> [Your task] Give the entries back exactly as they stand, but without pictures.

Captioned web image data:
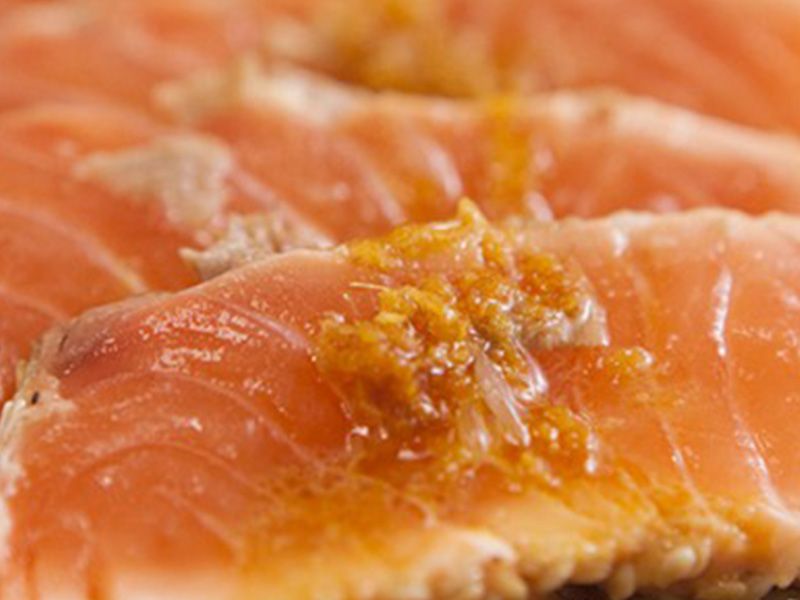 Salmon Tataki Sashimi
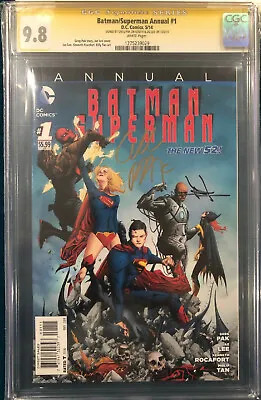 Buy Batman Superman Annual #1 Jae Lee Greg Pak SIGNED CGC 9.8 COMIC Not CBCS • 207.53£
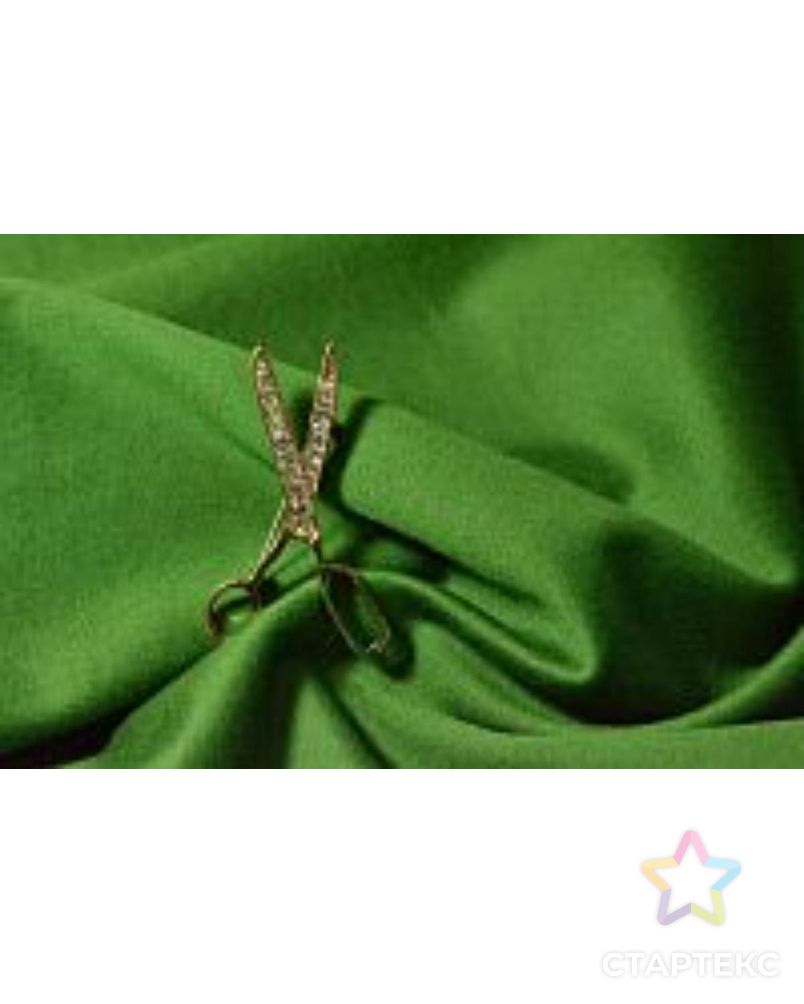 Ткань костюмная, цвет: зеленой травы арт. ГТ-444-1-ГТ0021965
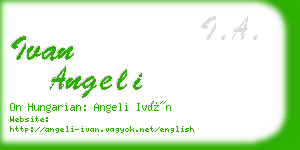 ivan angeli business card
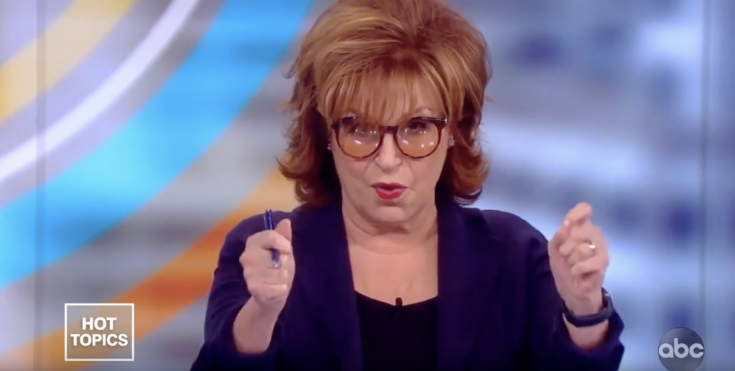 Joy Behar Celebrates White Nationalist's Opposition to Trump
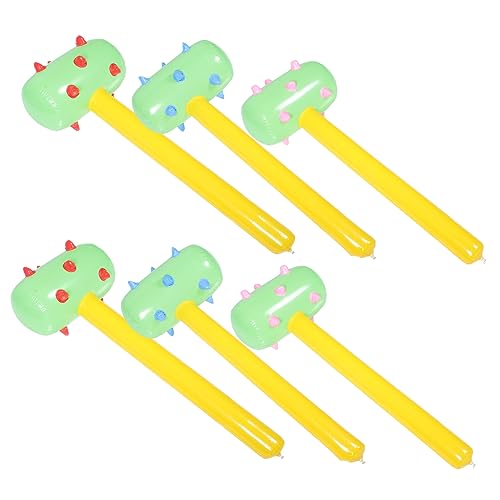 Yardwe 6Pcs Colorful PVC Inflatable Hammer for Fun Plaything for Pool Beach Parties Easy to Store Random Colors
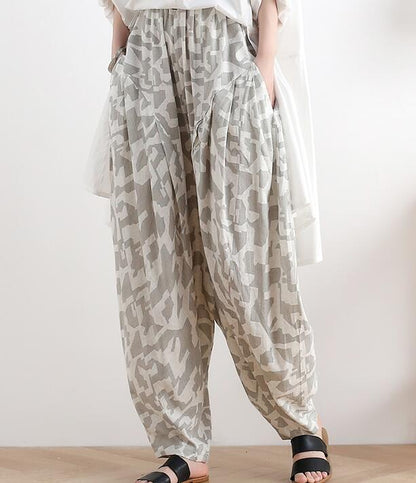 Loose large harem Linen Wide Leg Women Casual Pants AMT05131 VPPBUY shop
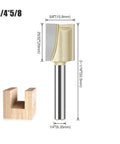 Top Tier 1/4 And 1/2 Inch Shank Slotting Cleaning Bottom Router Bit Set For Precision Woodworking, featuring a 1/4 inch slotting cutter.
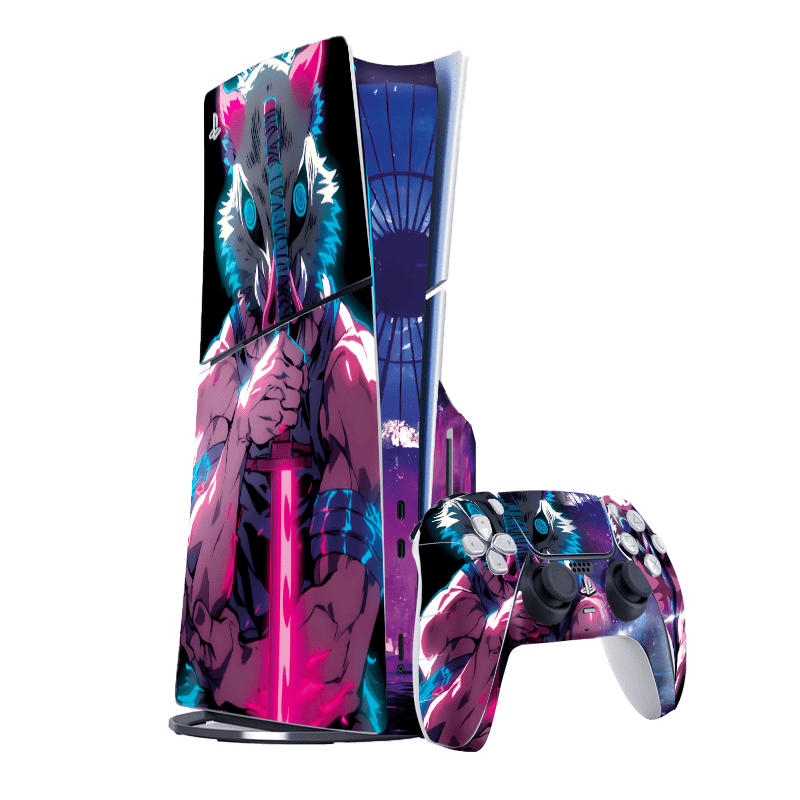 Demon Slayer Inosuke Skin Playstation 5 Slim Xonebrand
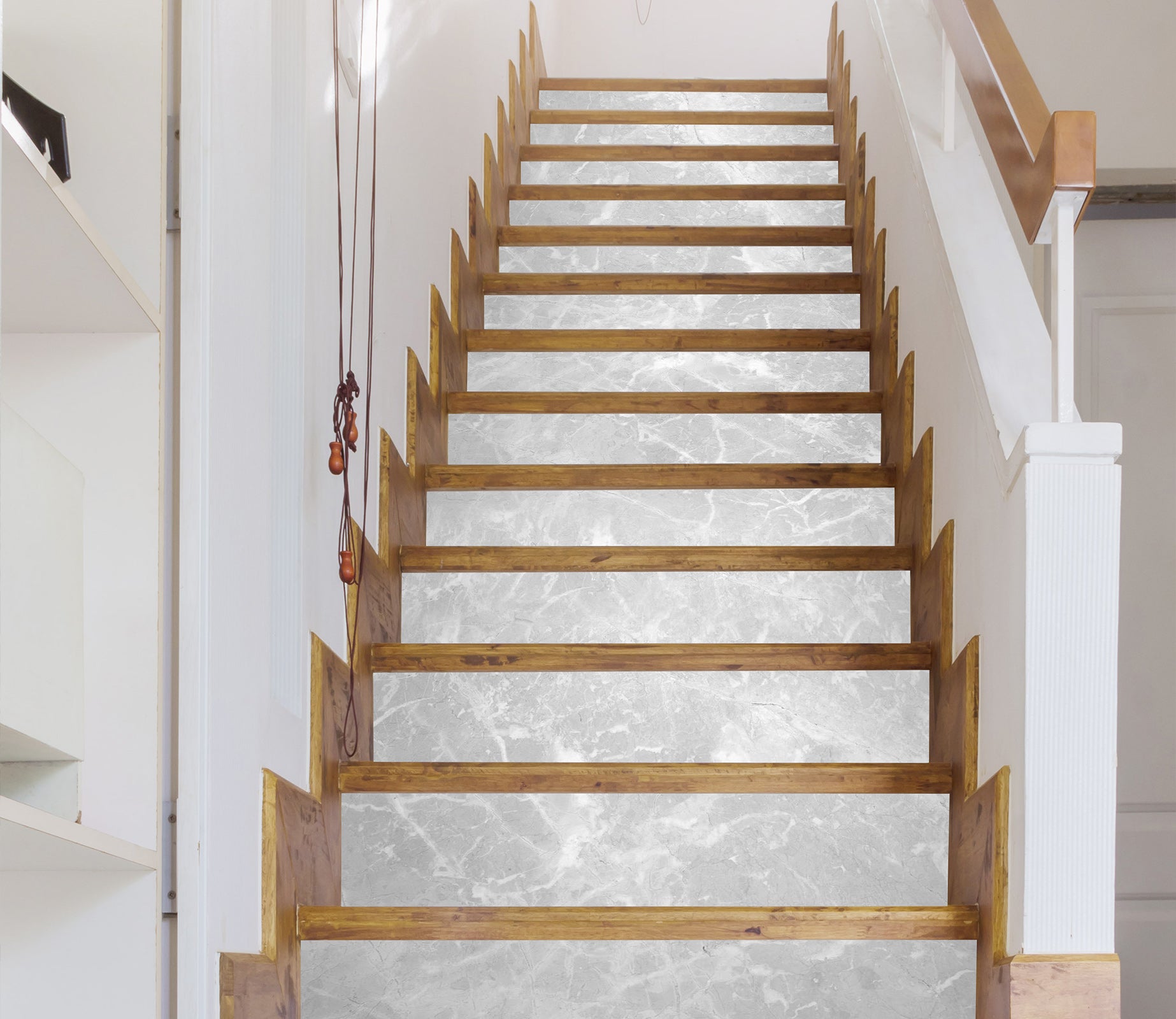 3D White Texture 291 Stair Risers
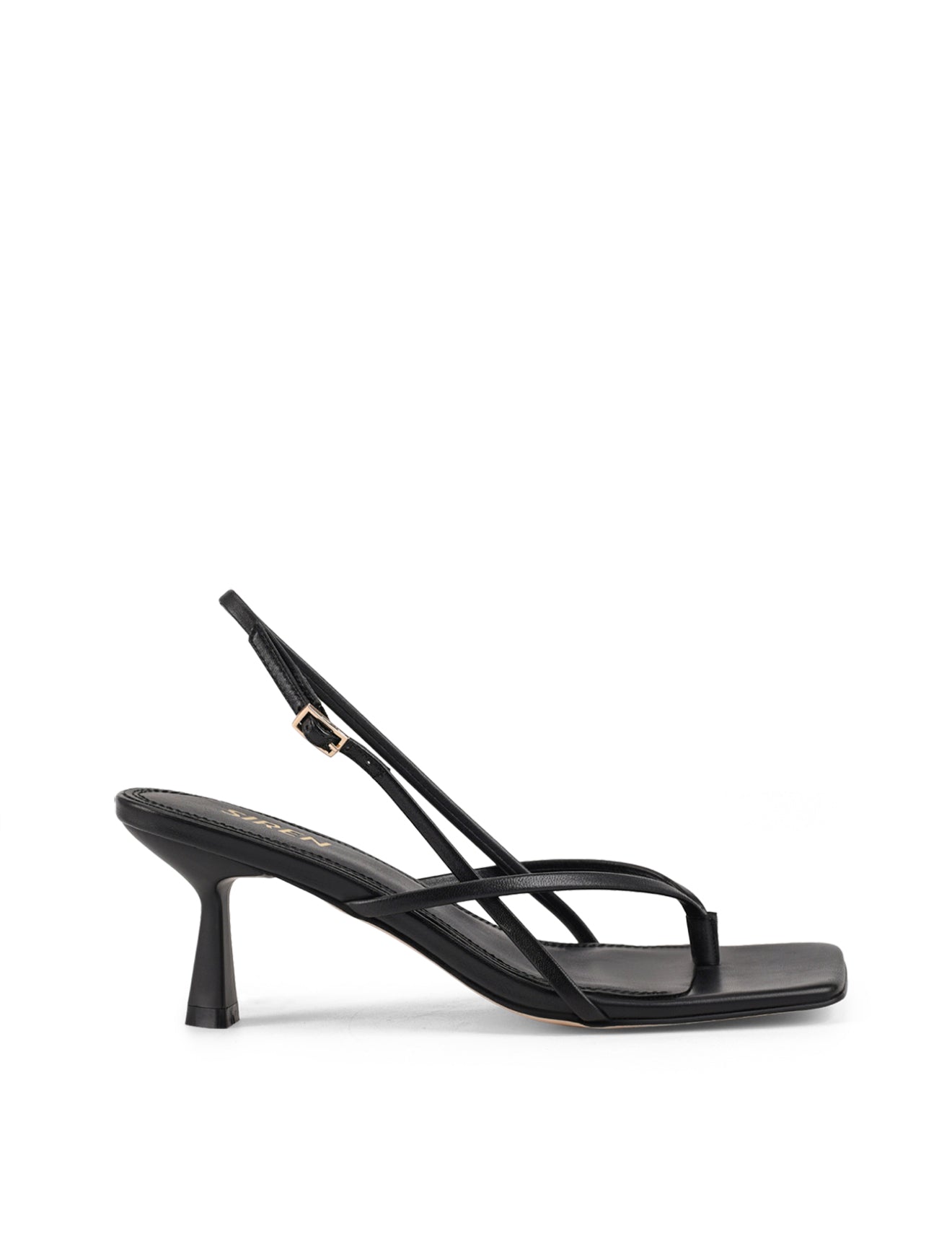 Santorini Strappy Thong Sandals for Women - Black Leather Summer Beach Sandals | Comfortable Flip Flops for Vacation, Pool Party & Casual Outings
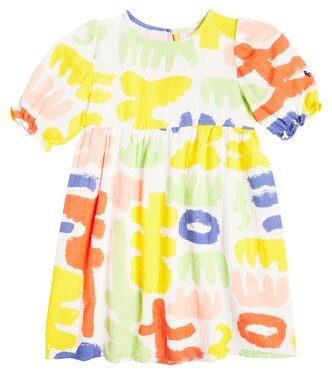 Carnival puff-sleeve cotton dress | Bobo Choses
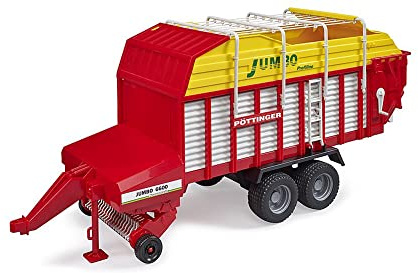 bruder 02214 - Pottinger Jumbo 6600 Profiline - 1:16 Remolque autocargador, remolque tractor, cosecha de paja, cosecha de heno, granja, agricultura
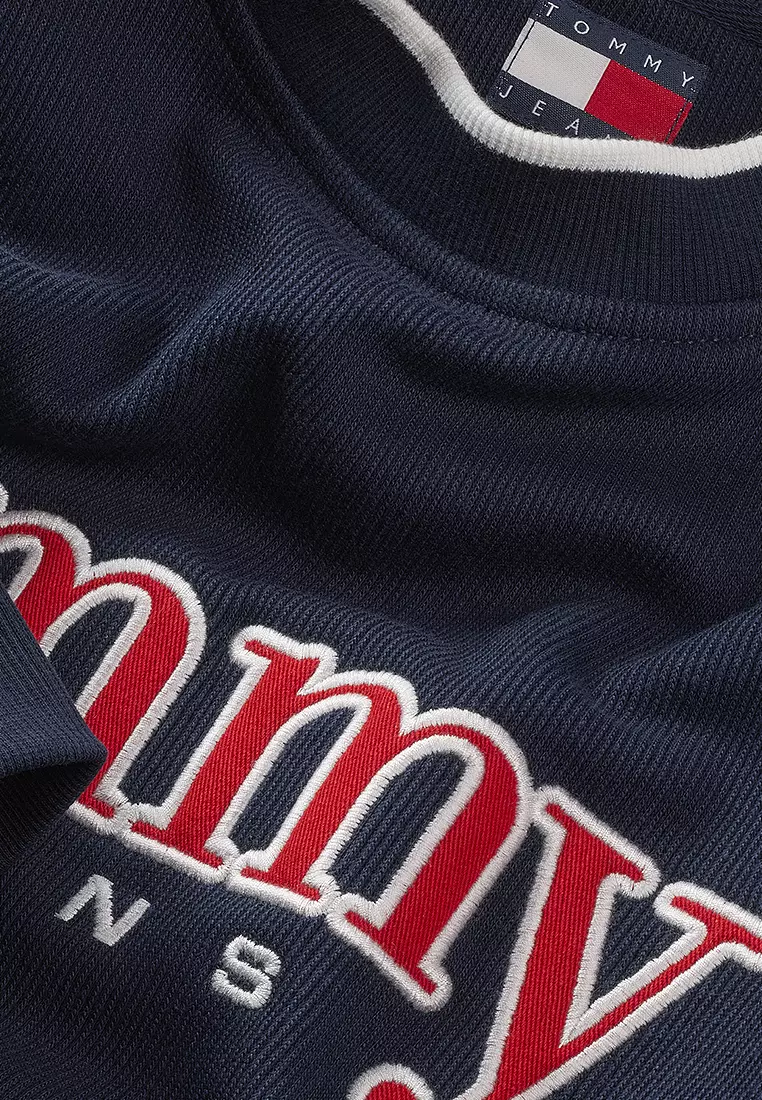 90年代紋理圖案衛衣 - Tommy Jeans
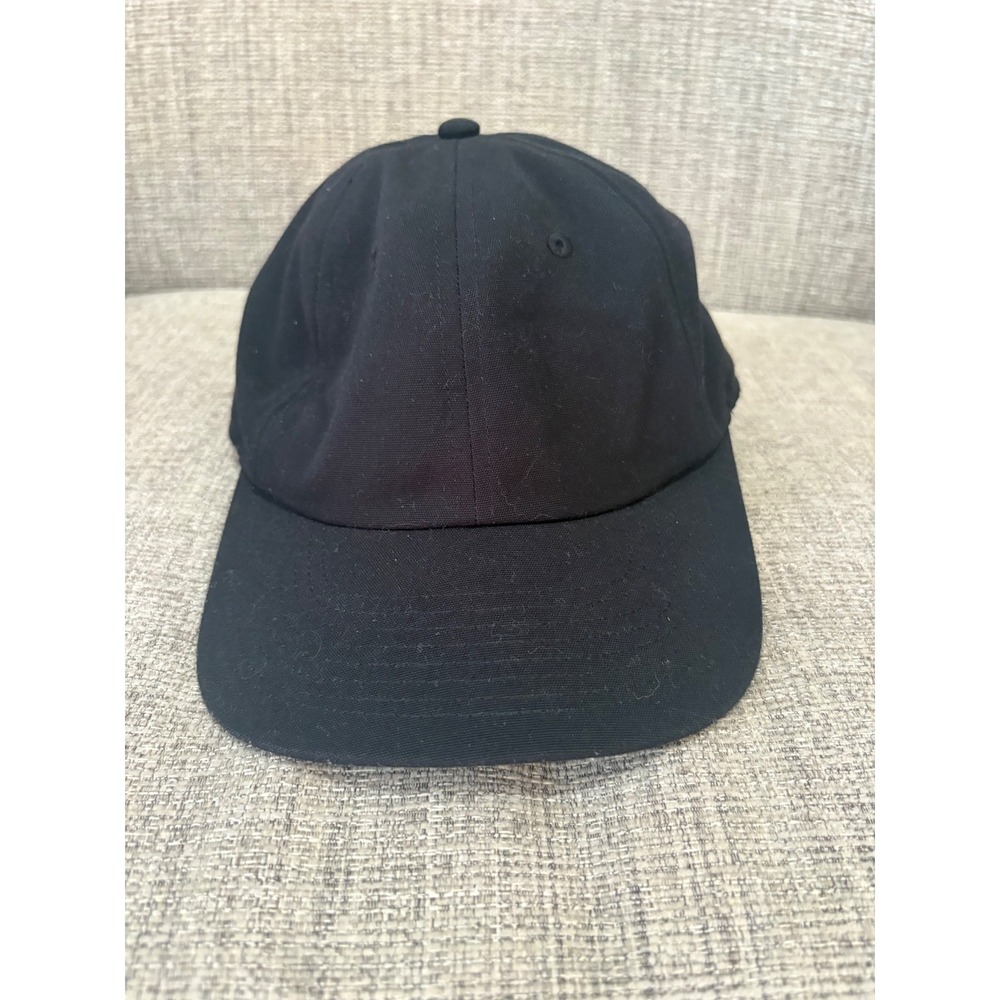 Outerknown Black Organic Cotton Hemp Adjustable Baseball Cap Dad Hat Mens Womens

> [Completed task]
 Salmon Tataki Sashimi
 Buy Batman Superman Annual #1 Jae Lee Greg Pak SIGNED CGC 9.8 COMIC Not CBCS • 207.53£
 Ткань костюмная, цвет: зеленой травы арт. ГТ-444-1-ГТ0021965
 ivan angeli business card
 Joy Behar Celebrates White Nationalist's Opposition to Trump
 Yardwe 6Pcs Colorful PVC Inflatable Hammer for Fun Plaything for Pool Beach Parties Easy to Store Random Colors
 Loose large harem Linen Wide Leg Women Casual Pants AMT05131 VPPBUY shop
 Top Tier 1/4 And 1/2 Inch Shank Slotting Cleaning Bottom Router Bit Set For Precision Woodworking, featuring a 1/4 inch slotting cutter.
 Demon Slayer Inosuke Skin Playstation 5 Slim Xonebrand
 3D White Texture 291 Stair Risers
 Santorini Strappy Thong Sandals for Women - Black Leather Summer Beach Sandals | Comfortable Flip Flops for Vacation, Pool Party & Casual Outings
 Carnival puff-sleeve cotton dress | Bobo Choses
 bruder 02214 - Pottinger Jumbo 6600 Profiline - 1:16 Remolque autocargador, remolque tractor, cosecha de paja, cosecha de heno, granja, agricultura
 90年代紋理圖案衛衣 - Tommy Jeans
 Outerknown Black Organic Cotton Hemp Adjustable Baseball Cap Dad Hat Mens Womens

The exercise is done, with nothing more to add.